(Items from a data source)
═══

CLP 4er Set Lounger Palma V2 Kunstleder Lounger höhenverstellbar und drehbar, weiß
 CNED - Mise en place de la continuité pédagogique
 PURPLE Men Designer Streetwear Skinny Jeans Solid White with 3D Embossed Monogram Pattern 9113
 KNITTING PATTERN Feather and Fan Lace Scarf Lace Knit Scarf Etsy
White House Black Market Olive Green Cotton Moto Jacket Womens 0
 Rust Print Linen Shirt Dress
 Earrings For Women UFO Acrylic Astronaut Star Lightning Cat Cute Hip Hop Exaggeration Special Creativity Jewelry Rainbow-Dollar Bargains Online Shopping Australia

═══

Brief >>
Taking the line with "CNED - Mise" as the start and the last line of the data above as the end, write out those two lines and every line between them exactly, and only those.

Your solution >>
 CNED - Mise en place de la continuité pédagogique
 PURPLE Men Designer Streetwear Skinny Jeans Solid White with 3D Embossed Monogram Pattern 9113
 KNITTING PATTERN Feather and Fan Lace Scarf Lace Knit Scarf Etsy
White House Black Market Olive Green Cotton Moto Jacket Womens 0
 Rust Print Linen Shirt Dress
 Earrings For Women UFO Acrylic Astronaut Star Lightning Cat Cute Hip Hop Exaggeration Special Creativity Jewelry Rainbow-Dollar Bargains Online Shopping Australia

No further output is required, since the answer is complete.